Saindo da cidade de Chácara-MG, onde nasceu, deixou os pais e a namoradinha, que futuramente seria sua esposa Maria de Lourdes Bessa Mansur. Dedicada, além de ter lhe dado 5 filhos, contribuiu, significativamente, com uma máquina de costura Singer para a construção da Transur e de outras duas empresas do mesmo ramo. Fabricava lençois e fronhas, a fim de que suas primas vendessem a base de comissão. José Miguel Mansur tinha na alma a paixão pela mecânica,tudo era um desafio, mesmo em uma época de árduo do transporte coletivo.
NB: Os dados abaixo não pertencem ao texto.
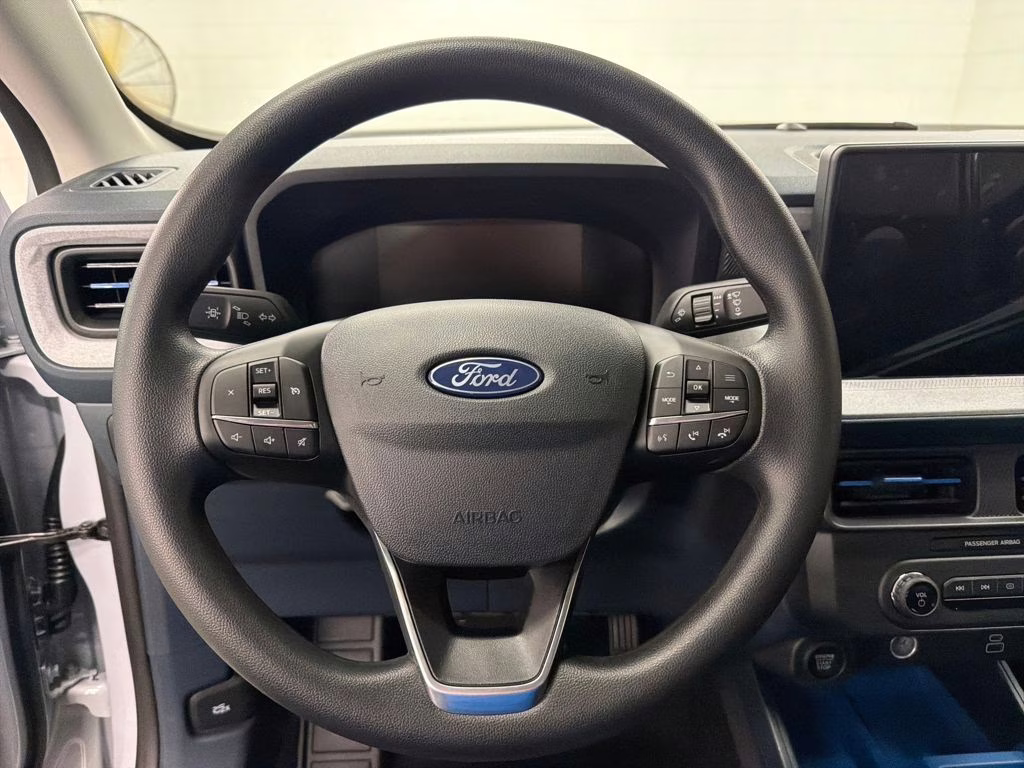 2026 SPACE WHITE Ford Maverick XLT FWD Truck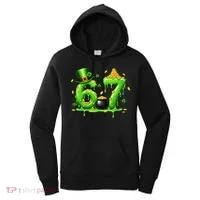 6-7 Meme St Patrick's Day 67 Women's Hoodie thumb 0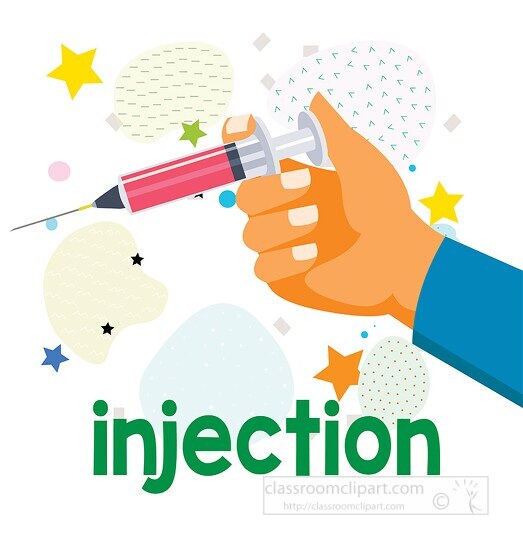 learning to read pictures and word injection - Classroom Clip Art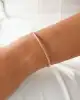 Rose Altın Sade Kelepçe Bileklik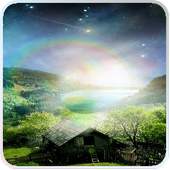 Nature Live Wallpaper Meteors 2.2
Entretanto, para aquele menino, cada defeito na jardineira era um motivo para aprender cada vez mais, por isso, nada o segurava, nem mesmo os atoleiros da estrada.

Em 1942, com a guerra, veio também a falta de peças e combustível (gasolina), e não é que nem isto o segurou. Fabricou e rodou com o gasogênio, que substituiu a gasolina, além de montar um motor, onde substituiu o casquilho de metal por casquilho feito de madeira da imbaúba. Do início até hoje, a história é longa, tudo foi muito difícil, mas ao mesmo tempo cheia de belas recordações, dos desafios vencidos e dos excelentes funcionários, que junto com o Sr. José, construiram uma empresa que ainda hoje possui colaboradores com 46, 47 anos de casa.

Na Transur, como dizia Sr. José, quem aqui trabalha, do faxineiro ao diretor, não podem ter sangue nas veias, mas sim óleo diesel e tem que dar tudo de si para servir bem o nosso maior patrimônio que são os passageiros.

Esta pequena história da Transur, relatada aqui, é uma homenagem ao Sr. José, D. Loudes e funcionários já falecidos, que intercedem, perante Deus, pelos seus familiares, funcionários e passageiros que hoje a fazem andar.